Companhia Energetica de Minas Gerais (NYSE:CIG) shares are up more than 12.14% this year and recently decreased -1.70% or -$0.04 to settle at $2.31. Gran Tierra Energy Inc. (NYSE:GTE), on the other hand, is up 11.48% year to date as of 04/16/2018. It currently trades at $3.01 and has returned 11.48% during the past week.

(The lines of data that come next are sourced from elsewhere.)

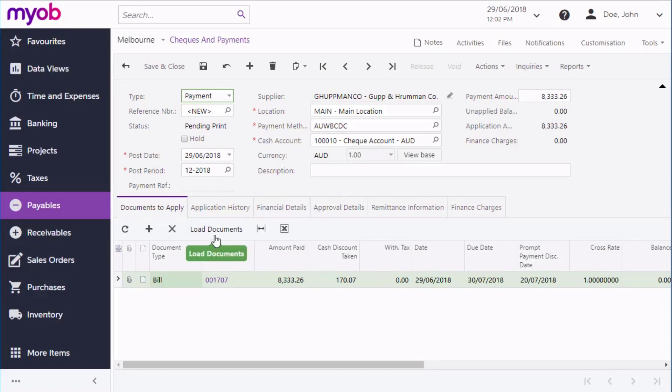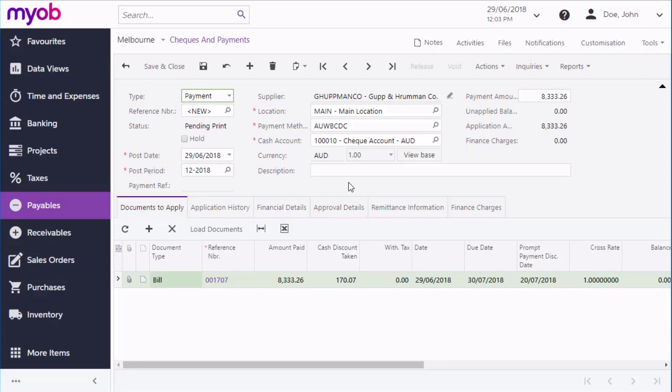The Load Documents button loads all unpaid bills or adjustments from a supplier. As with most other areas in the MYOB Advanced system, you can set up an approvals process for payments. If a payment requires approval, this must be done by a user with the right privileges, then the payment can be processed.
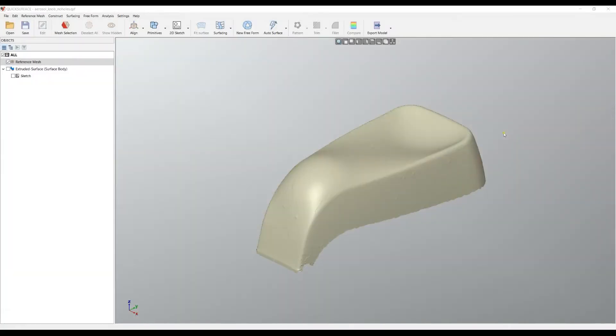Welcome to our next tutorial of quick surface. As you learned so far, you know how to edit the mesh and create a watertight surface which is suitable for printing, for example.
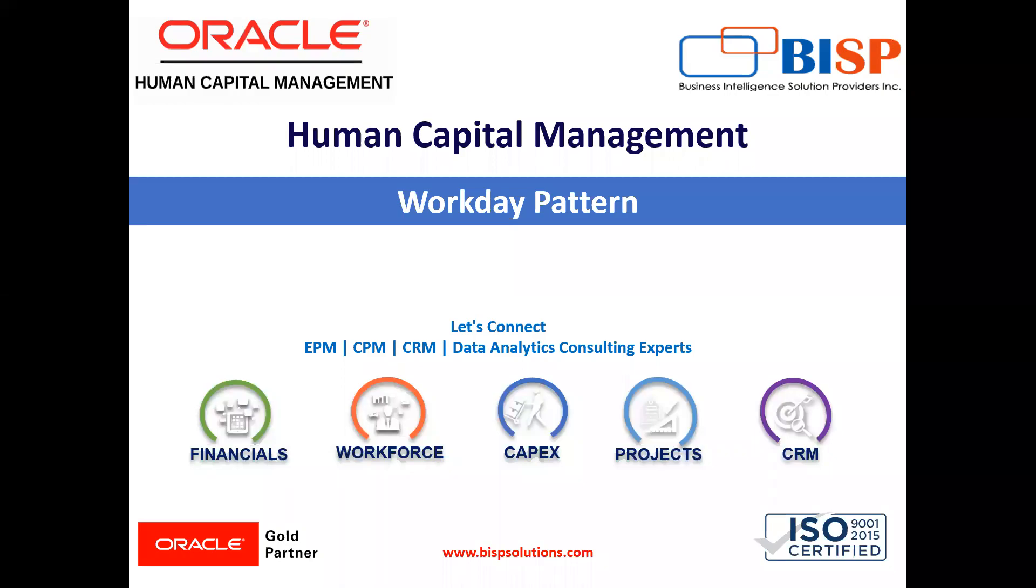Welcome to our channel. My name is Nikita from BSP Solutions. In this tutorial, I'm going to explain how we can create a workday pattern.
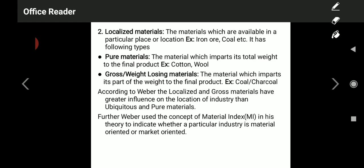The third category is pure materials — the material which imparts its total weight to the final product. Once used, you will not get it back in any form. Examples are cotton and wool. Once you use cotton for thread or cloth, you will not get cotton back. If you use wool for woolen blankets, you will not get wool back. That kind of material is called pure material.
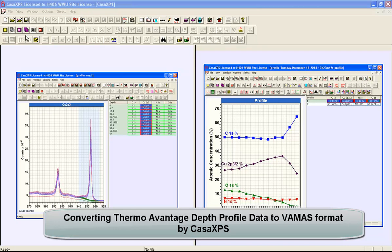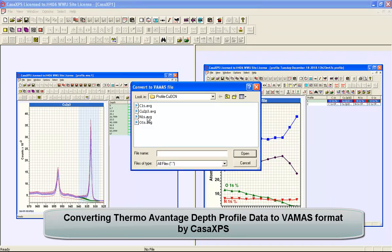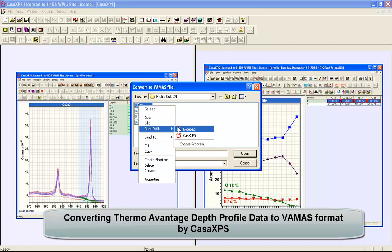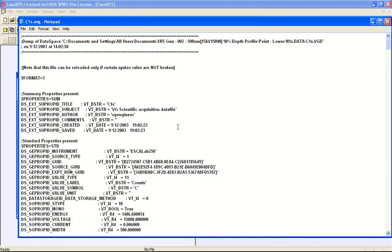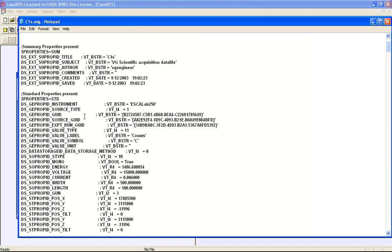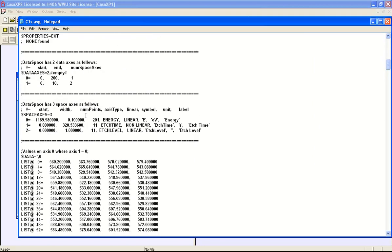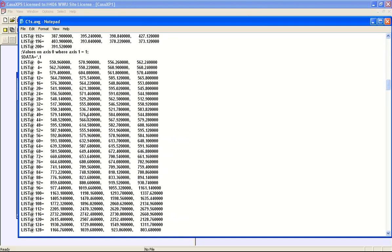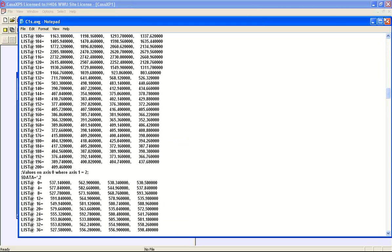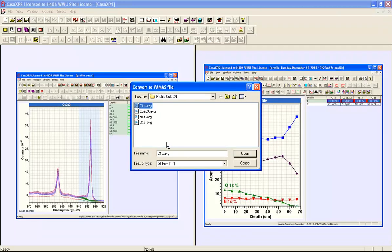A depth profile experiment from Avantage is exported as a set of AVG files, and these AVG files contain information, one for each element that was monitored during the course of the depth profile. The original C1S.VGD file is the binary file from Avantage, and when exported it produces a file that contains header information describing the spectrum in question, and then a set of measurements that can be converted to form a depth profile VAMAS file.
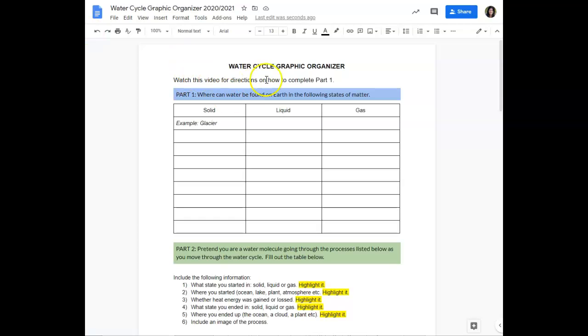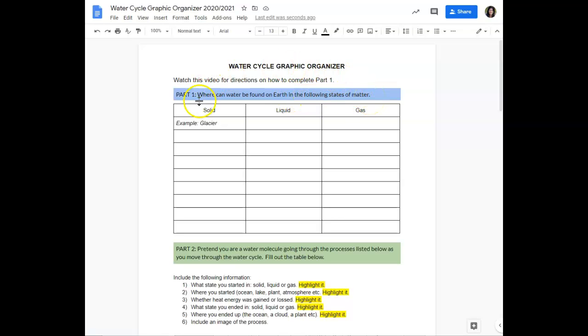So for part one, what you're going to do is list where you can find water on Earth in the following states of matter. I want you to, in this column, think of all the places where water is found in solid form and list them here.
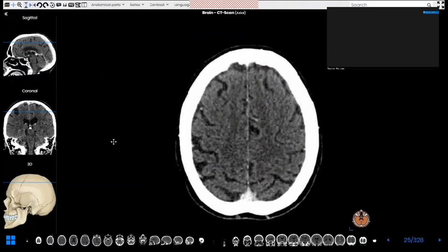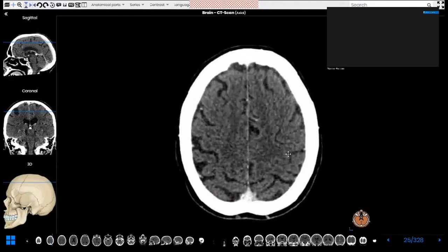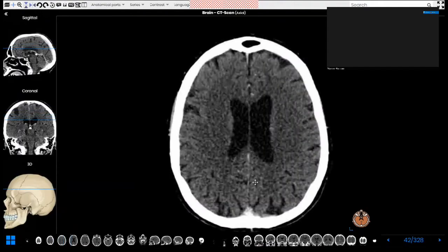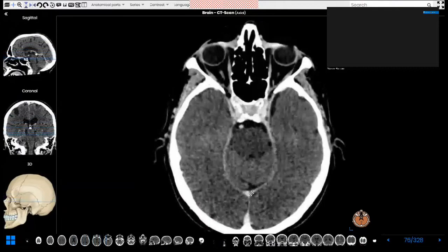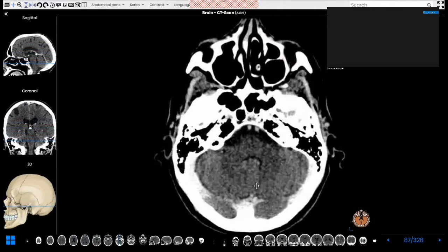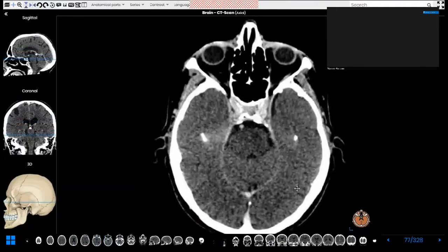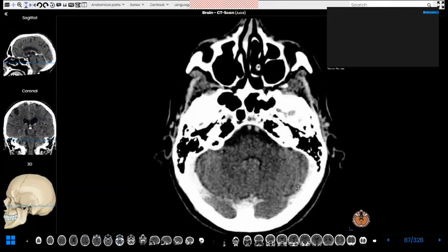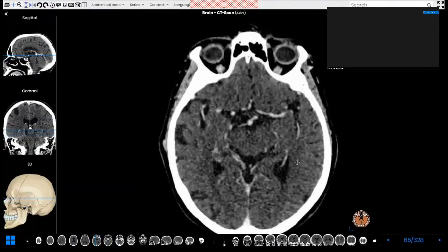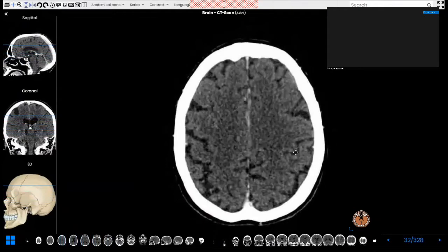On these images, this is the right cerebral hemisphere, this is the left side of the patient, this is the anterior aspect, and this is the posterior aspect. In the midline, there is a falx that separates the two cerebral hemispheres. As we scroll down, the falx cerebri is continuous with what is called the tentorium, which looks like a tent. Everything above the tentorium is supratentorial, and everything below is infratentorial.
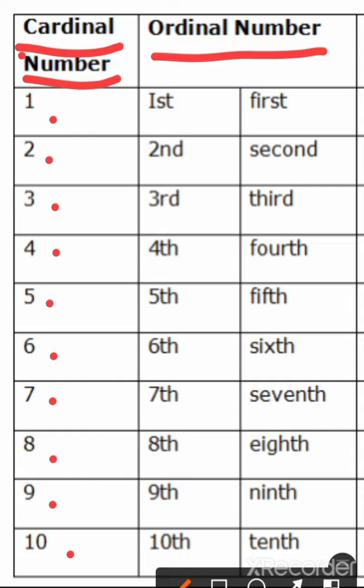As we study in classes, we also say that I am in first class, I am in second class. We don't say I am in one class, two class. We say I am in first class, I am in second class, I am now in third class, right?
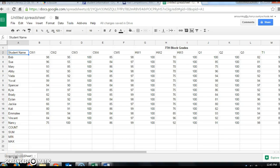In today's video we're going to look at the seventh grade block spreadsheet that we typed up in Google Sheets yesterday. First thing you want to do is make sure that you have all of your data typed in and all of your numbers are correct. After you're done, you're ready to go ahead and start putting in some formulas and doing some calculations.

Companhia Energetica de Minas Gerais (NYSE:CIG) and Gran Tierra Energy Inc. (NYSE:GTE) are the two most active stocks in the Electric Utilities industry based on today’s trading volumes. We will compare the two companies based on the strength of various metrics, including growth, profitability, risk, return, and valuation to determine if one is a better investment than the other.Growth
Companies that can increase earnings at a high compound rate over time are attractive to investors. Analysts expect CIG to grow earnings at a 0.00% annual rate over the next 5 years. Comparatively, GTE is expected to grow at a 10.00% annual rate. All else equal, GTE’s higher growth rate would imply a greater potential for capital appreciation.Profitability and Returns
A high growth rate isn’t necessarily valuable to investors. In fact, companies that overinvest in low return projects just to achieve a high growth rate can actually destroy shareholder value. Profitability and returns are a measure of the quality of a company’s business and its growth opportunities. We’ll use EBITDA margin and Return on Investment (ROI) to measure this. EBITDA margin of 12.68% for Gran Tierra Energy Inc. (GTE). CIG’s ROI is 7.00% while GTE has a ROI of -2.70%. The interpretation is that CIG’s business generates a higher return on investment than GTE’s.Cash Flow
Earnings don’t always accurately reflect the amount of cash that a company brings in. CIG’s free cash flow (“FCF”) per share for the trailing twelve months was -1.52. Comparatively, GTE’s free cash flow per share was -0.01. On a percent-of-sales basis, CIG’s free cash flow was -35.51% while GTE converted -0% of its revenues into cash flow. This means that, for a given level of sales, GTE is able to generate more free cash flow for investors.Liquidity and Financial Risk
Analysts look at liquidity and leverage ratios to assess how easily a company can cover its liabilities. CIG has a current ratio of 1.00 compared to 0.90 for GTE. This means that CIG can more easily cover its most immediate liabilities over the next twelve months. CIG’s debt-to-equity ratio is 1.01 versus a D/E of 0.00 for GTE. CIG is therefore the more solvent of the two companies, and has lower financial risk.Valuation
CIG trades at a forward P/E of 4.99, a P/B of 0.72, and a P/S of 0.54, compared to a forward P/E of 8.62, a P/B of 1.27, and a P/S of 2.74 for GTE. CIG is the cheaper of the two stocks on an earnings, book value and sales basis. Given that earnings are what matter most to investors, analysts tend to place a greater weight on the P/E.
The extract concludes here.